William Bando, Hela Province administrator, said: “I have just received reports that 18 people were killed last night.
“It appears Hides was hardest hit.
“We haven’t heard about potential casualties there yet, but it is a big village with many people.”
Authorities and aid workers have struggled to reach the rugged highland area to assess the extent of the damage of February 26th’s first earthquake and deliver aid to locals.
Landslides, blocked roads, cracked airstrips and damaged telecommunication links have hampered efforts by authorities to offer an exact death toll and deliver supplies to more than 150,000 people that agencies estimate are in need of aid.
Today, Prime Minister Peter O’Neill said critical relief supplies were finally flowing into devastated areas of Papua New Guinea.
Aid had yet to reach isolated parts of the Southern Highlands, Western, Enga and Hela provinces.
Prior to the latest aftershock, Mr O’Neill seemed pleased to report food, water and medicine were starting to get through, with aircraft ferrying supplies to Moro and Mendi airports in the Southern Highlands.
He said: “We are now in the process of delivering emergency supplies.
“Over the last few days, we’ve been working with the Australian Government, with Exxon(Mobil), with Oil Search and Ok Tedi in particular, in making sure that immediate assistance required by the communities is delivered.”

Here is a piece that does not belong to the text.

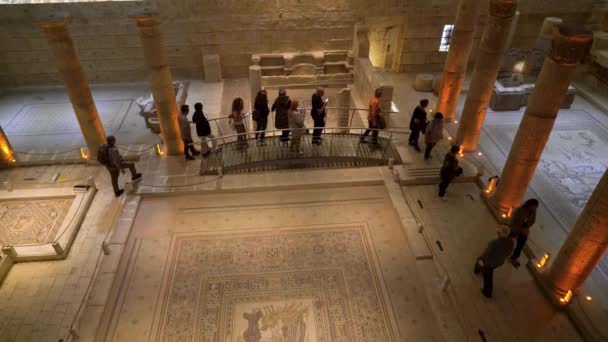 トルコのガザンテプ 2023年10月18日 観光客は 国内で2つの最大のモザイク美術館の1つであるゼイロモザイク博物館を訪問しています — ストック動画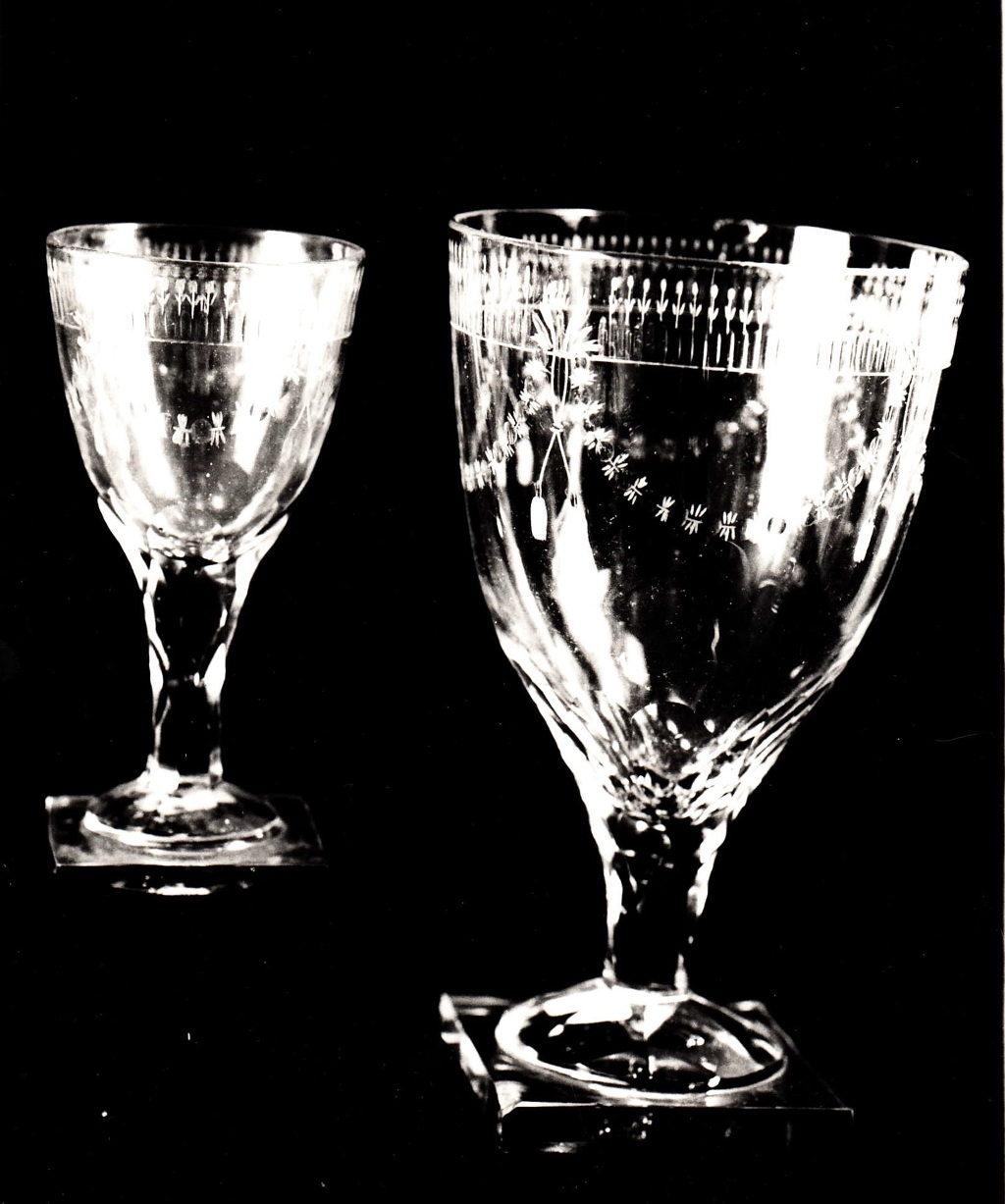 soggetto assente (bicchiere, elemento d'insieme) - bottega Italia centrale (prima metà sec. XX)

Australia and New Zealand have pledged aid, while Israel has delivered 40 generators to help restore power.
Red Cross’ PNG secretary general, Uvenama Rova, said the rugged terrain has made delivering relief supplies difficult with the Red Cross working to reach the Nipa-Kutubu district near the epicentre to assess damage and needs.
Last month’s earthquake was the largest to hit the seismically-active highlands in nearly a century.
Papua New Guinea was hit just moments after a smaller seismic event struck Japan, increasing fears of a natural disaster impacting the dangerous region dubbed the ‘Ring of Fire’.
A further 26 quakes, all with an average magnitude of five, rocked the island in the aftermath of the initial hit.
Papua New Guinea rests on the so-called ‘Ring of Fire’ – a hotbed of seismic activity surrounding a tectonic plate that spans the pacific.
The ‘Ring’ is responsible for 90 per cent of the world’s earthquakes.